Network restart / mass segmentation
The process described above will mean that decentralised network, far from potentially losing data on restart should recover with a very high degree of certainty.
If a node restarts or in cases of massive churn there will be a significant reduction in network
difficulty. This reduction will mean that any nodes joining again
should be accepted, regardless
of chain length.
If a restart has been detected, any node recognised in the last link of the chain will be allowed entry again.
Further work
The current implementation of DataChains is secure, but can be made extremely more efficient over time. Merkle tree's, checkpoints and more such as use an xored checkpoint that contains not only a signed checkpoint, but a checkpoint that can evaluate when all contained blocks are available by xoring back to all zero's. This RFC does not attempt to include any such efficient mechanism, instead this is left for further design improvements and RFC's.
Drawbacks
- In very small networks (less than approx 3000) network difficulty is a fluctuating number, this can probably not be prevented, but may allow unwanted data or in fact prevent valid data from being refreshed.

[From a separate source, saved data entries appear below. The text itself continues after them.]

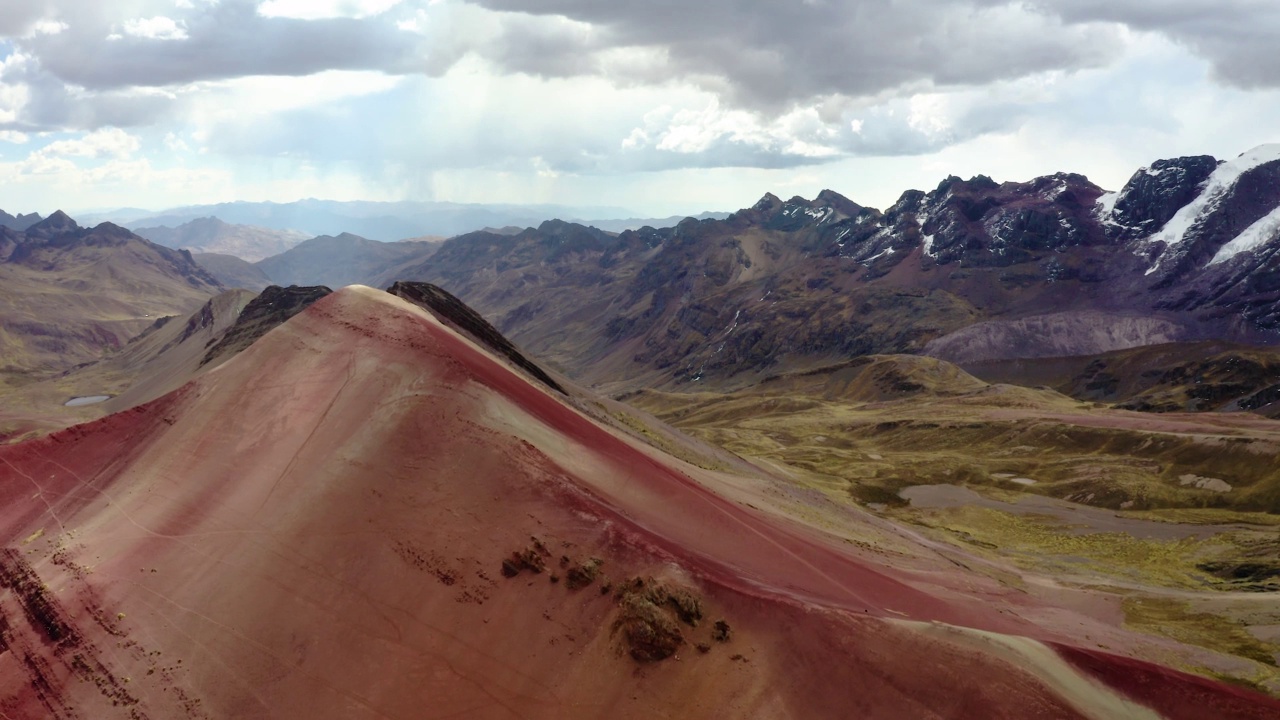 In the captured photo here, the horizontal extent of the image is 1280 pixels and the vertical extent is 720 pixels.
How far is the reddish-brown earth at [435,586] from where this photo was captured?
37031 millimetres

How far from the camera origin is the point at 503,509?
46.0 meters

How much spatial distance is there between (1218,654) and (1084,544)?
5422 cm

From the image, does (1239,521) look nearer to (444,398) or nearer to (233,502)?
(444,398)

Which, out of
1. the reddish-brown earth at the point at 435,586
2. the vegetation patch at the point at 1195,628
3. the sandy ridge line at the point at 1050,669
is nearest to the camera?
the sandy ridge line at the point at 1050,669

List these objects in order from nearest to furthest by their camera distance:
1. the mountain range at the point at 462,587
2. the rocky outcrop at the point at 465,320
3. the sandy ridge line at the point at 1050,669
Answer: the sandy ridge line at the point at 1050,669
the mountain range at the point at 462,587
the rocky outcrop at the point at 465,320

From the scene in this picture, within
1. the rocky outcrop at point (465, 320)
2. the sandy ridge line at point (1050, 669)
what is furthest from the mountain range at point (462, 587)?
the rocky outcrop at point (465, 320)

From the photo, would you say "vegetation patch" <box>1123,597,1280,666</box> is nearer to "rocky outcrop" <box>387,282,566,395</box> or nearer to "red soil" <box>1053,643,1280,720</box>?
"red soil" <box>1053,643,1280,720</box>

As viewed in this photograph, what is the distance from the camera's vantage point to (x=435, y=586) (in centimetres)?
4206

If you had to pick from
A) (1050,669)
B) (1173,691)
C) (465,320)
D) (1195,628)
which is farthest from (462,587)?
(1195,628)

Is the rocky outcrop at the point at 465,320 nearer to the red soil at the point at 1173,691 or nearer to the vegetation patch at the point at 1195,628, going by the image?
the vegetation patch at the point at 1195,628

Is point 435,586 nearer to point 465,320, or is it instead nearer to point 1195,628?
point 465,320

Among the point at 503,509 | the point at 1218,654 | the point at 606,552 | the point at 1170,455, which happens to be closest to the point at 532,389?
the point at 503,509

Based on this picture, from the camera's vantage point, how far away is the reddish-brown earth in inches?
1458

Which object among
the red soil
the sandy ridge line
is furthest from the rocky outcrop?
the red soil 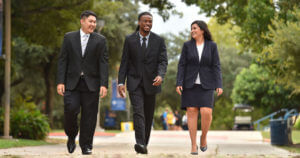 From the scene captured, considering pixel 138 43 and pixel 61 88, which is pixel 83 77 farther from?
pixel 138 43

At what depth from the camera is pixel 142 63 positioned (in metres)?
8.27

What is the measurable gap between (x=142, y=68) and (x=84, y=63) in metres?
0.85

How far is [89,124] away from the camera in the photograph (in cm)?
811

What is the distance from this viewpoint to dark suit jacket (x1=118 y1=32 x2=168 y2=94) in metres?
8.23

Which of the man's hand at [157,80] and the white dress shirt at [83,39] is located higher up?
the white dress shirt at [83,39]

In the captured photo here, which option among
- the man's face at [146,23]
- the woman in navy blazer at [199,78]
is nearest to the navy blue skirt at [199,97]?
the woman in navy blazer at [199,78]

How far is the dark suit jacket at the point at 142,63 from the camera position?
8.23 m

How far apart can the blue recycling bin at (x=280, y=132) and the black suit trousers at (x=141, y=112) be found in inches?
357

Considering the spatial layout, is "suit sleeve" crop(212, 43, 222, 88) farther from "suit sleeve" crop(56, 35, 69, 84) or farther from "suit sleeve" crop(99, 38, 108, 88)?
"suit sleeve" crop(56, 35, 69, 84)

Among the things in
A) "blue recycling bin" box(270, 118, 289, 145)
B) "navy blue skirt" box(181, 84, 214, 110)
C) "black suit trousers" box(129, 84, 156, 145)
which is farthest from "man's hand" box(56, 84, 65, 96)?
"blue recycling bin" box(270, 118, 289, 145)

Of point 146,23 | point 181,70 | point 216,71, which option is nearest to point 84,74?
point 146,23

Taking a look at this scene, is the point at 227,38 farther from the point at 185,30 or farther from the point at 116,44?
the point at 116,44

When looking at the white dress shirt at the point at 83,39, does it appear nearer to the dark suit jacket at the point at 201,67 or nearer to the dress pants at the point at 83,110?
the dress pants at the point at 83,110

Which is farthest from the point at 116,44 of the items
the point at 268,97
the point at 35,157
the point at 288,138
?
the point at 35,157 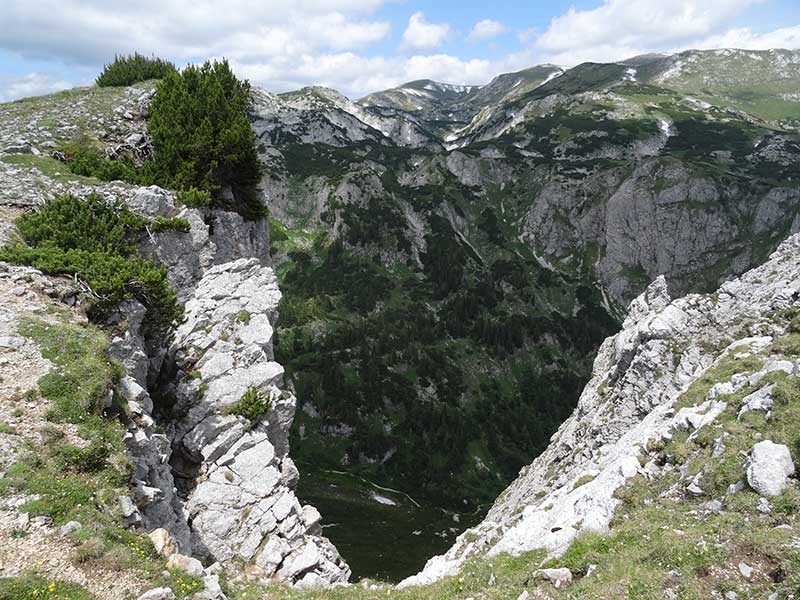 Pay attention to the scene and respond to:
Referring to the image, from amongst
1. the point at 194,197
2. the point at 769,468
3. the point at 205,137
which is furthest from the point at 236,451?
the point at 769,468

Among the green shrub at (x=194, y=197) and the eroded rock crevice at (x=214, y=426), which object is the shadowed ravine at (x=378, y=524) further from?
the green shrub at (x=194, y=197)

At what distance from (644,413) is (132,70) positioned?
189 feet

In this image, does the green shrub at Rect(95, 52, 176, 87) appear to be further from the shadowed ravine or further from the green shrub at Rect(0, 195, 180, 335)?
the shadowed ravine

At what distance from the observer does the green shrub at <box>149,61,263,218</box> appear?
117 feet

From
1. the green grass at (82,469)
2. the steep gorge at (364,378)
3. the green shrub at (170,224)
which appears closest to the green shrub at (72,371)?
the green grass at (82,469)

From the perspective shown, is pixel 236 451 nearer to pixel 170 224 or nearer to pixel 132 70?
pixel 170 224

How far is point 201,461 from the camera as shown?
26844 mm

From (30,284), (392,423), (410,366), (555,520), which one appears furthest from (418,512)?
(30,284)

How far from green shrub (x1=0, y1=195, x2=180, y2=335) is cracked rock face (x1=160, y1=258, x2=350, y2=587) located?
3464 mm

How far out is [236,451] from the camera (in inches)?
1078

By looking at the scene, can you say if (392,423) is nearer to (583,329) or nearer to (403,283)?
(403,283)

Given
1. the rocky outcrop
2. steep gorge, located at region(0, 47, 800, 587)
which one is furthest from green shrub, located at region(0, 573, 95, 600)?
the rocky outcrop

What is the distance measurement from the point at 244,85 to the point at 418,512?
99547 millimetres

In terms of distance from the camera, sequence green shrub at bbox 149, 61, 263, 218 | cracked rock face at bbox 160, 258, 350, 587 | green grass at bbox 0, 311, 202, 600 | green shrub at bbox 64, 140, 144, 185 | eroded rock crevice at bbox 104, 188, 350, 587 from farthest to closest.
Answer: green shrub at bbox 149, 61, 263, 218 < green shrub at bbox 64, 140, 144, 185 < cracked rock face at bbox 160, 258, 350, 587 < eroded rock crevice at bbox 104, 188, 350, 587 < green grass at bbox 0, 311, 202, 600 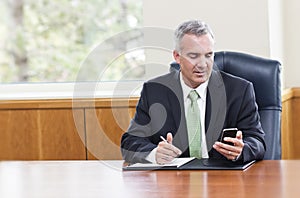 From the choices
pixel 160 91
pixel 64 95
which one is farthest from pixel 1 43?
pixel 160 91

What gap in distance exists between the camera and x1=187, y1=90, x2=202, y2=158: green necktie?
10.0 feet

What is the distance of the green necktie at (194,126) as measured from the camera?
3051 millimetres

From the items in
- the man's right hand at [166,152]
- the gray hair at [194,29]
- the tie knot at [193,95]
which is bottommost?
the man's right hand at [166,152]

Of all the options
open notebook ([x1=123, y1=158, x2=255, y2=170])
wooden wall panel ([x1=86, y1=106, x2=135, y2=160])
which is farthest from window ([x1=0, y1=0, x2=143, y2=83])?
open notebook ([x1=123, y1=158, x2=255, y2=170])

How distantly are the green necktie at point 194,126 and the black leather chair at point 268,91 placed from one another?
31cm

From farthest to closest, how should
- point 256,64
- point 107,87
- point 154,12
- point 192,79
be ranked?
point 107,87
point 154,12
point 256,64
point 192,79

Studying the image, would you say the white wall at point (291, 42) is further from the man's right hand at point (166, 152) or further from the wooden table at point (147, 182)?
the man's right hand at point (166, 152)

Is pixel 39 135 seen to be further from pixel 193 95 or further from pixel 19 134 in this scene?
pixel 193 95

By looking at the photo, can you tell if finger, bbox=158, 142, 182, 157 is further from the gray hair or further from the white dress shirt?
the gray hair

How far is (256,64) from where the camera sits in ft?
10.6

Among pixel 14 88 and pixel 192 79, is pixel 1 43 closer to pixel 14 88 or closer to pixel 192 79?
pixel 14 88

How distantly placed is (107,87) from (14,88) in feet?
2.17

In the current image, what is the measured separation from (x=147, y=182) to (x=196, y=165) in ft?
1.00

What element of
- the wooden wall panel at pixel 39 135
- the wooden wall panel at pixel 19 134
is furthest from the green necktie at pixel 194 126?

- This pattern is at it's earliest of stages and will require significant testing to ensure integrity of data as well as safety.
- Chain merging and data integrity checking is not well defined in this RFC and will require further analysis during implementation.
Alternatives
None as of yet
Unresolved questions
Not initially required, but should be considered in near future.
- Effective handling of removed blocks from the chain. (A holder can remove blocks but not add them)
- Effective checkpoints of chains to reduce size.
- Store efficiently on disk (disk based key value store of DataChain)
- Calculate vote weights and ensure collusion is not possible in a group.